The global pandemic and resulting social isolation have taken a heavy toll on the human mind, heart, and spirit. Though the strain is difficult for everyone, marginalized communities already dealing with systemic injustice and those with existing mental health challenges have an extra level of distress to contend with. Professional helpers may encounter suicidal clients in any health and human service role, but may not feel confident about how to tell who is most at risk for suicide, how to assess the level of danger, and how to connect someone who is struggling with effective interventions. Broadly relevant to many populations, with special focus on LGBTQ individuals and people living with HIV, this webinar event is designed to help workers build a toolbox of practical skills you can use immediately to support vulnerable people in staying alive and moving towards well.
- Explore the dynamics of suicide among vulnerable populations, including people living with HIV and AIDS.

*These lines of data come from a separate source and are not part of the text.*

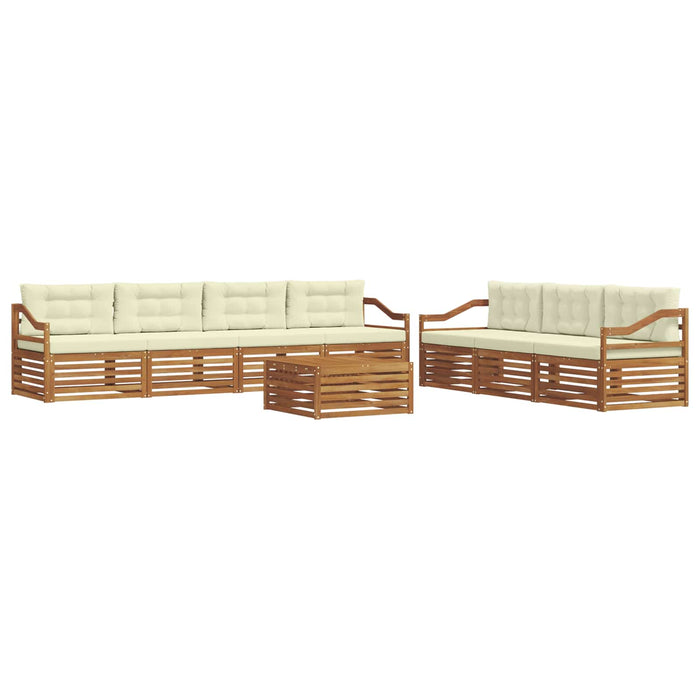 Set de canapele de exterior cu pernă 8 pcs Natural și Crem - WALTI WALTI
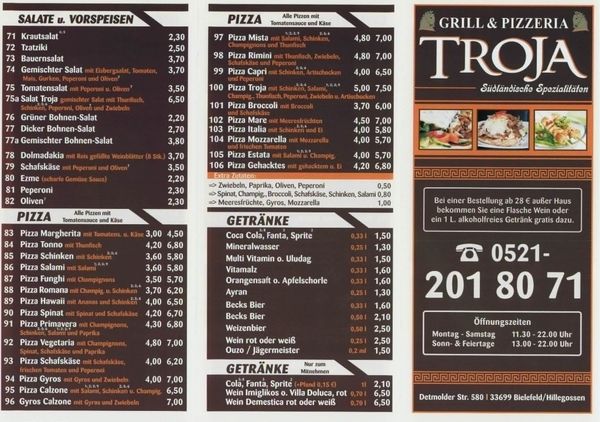 Bilder Restaurant Troja Grill & Pizzeria Südländische Spezialitäten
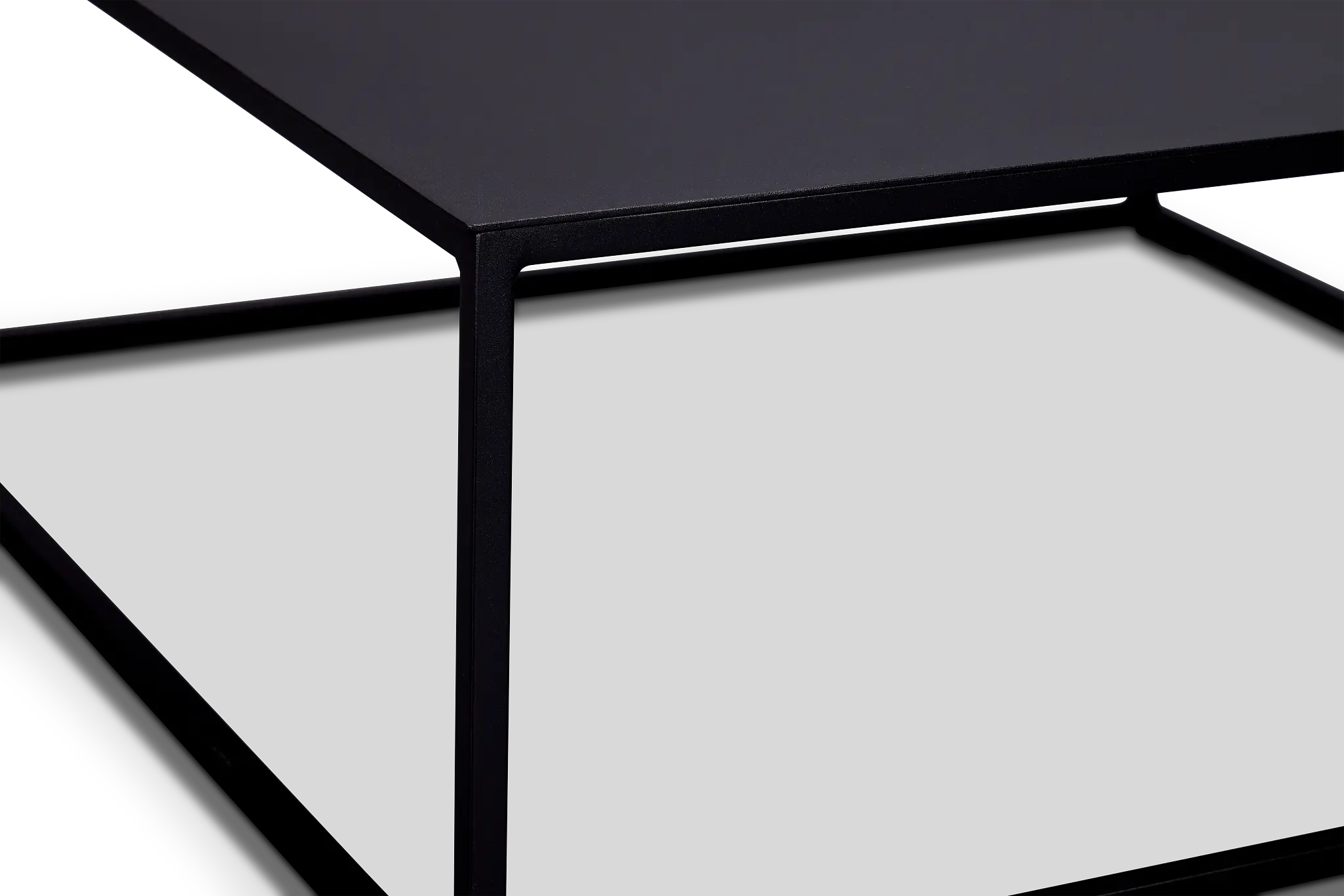 Malaga Black Square Coffee Table Malaga Black Square Coffee Table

- Identify key methods and tools for assessing suicide risk with clients
- Describe how to address suicidal ideation and self-harm, boost resilience, and connect clients to specialized care and treatment
- Examine prevalence, disparities, trends, unique risk and protective factors, and culturally-specific support interventions
Kate Bishop, MSSA, the Education Coordinator at the LGBT Health Resource Center of Chase Brexton, is a seasoned professional development trainer with expertise in working with LGBTQ populations, sexual and reproductive health care, adolescent development, intimate partner violence, and sexual trauma. She is certified as a trainer through GLSEN (Gay, Lesbian and Straight Education Network) as well as SAGE (Services and Advocacy for GLBT Elders). Before joining the Chase Brexton team, she developed the capacity building program at the University of Maryland School of Medicine’s STAR TRACK Adolescent HIV program, providing cultural responsiveness trainings for agencies that serve sexual minority youth of color. Ms. Bishop holds a Bachelor of Arts in Gender Studies from Hiram College and a Masters in Social Work from Case Western Reserve University.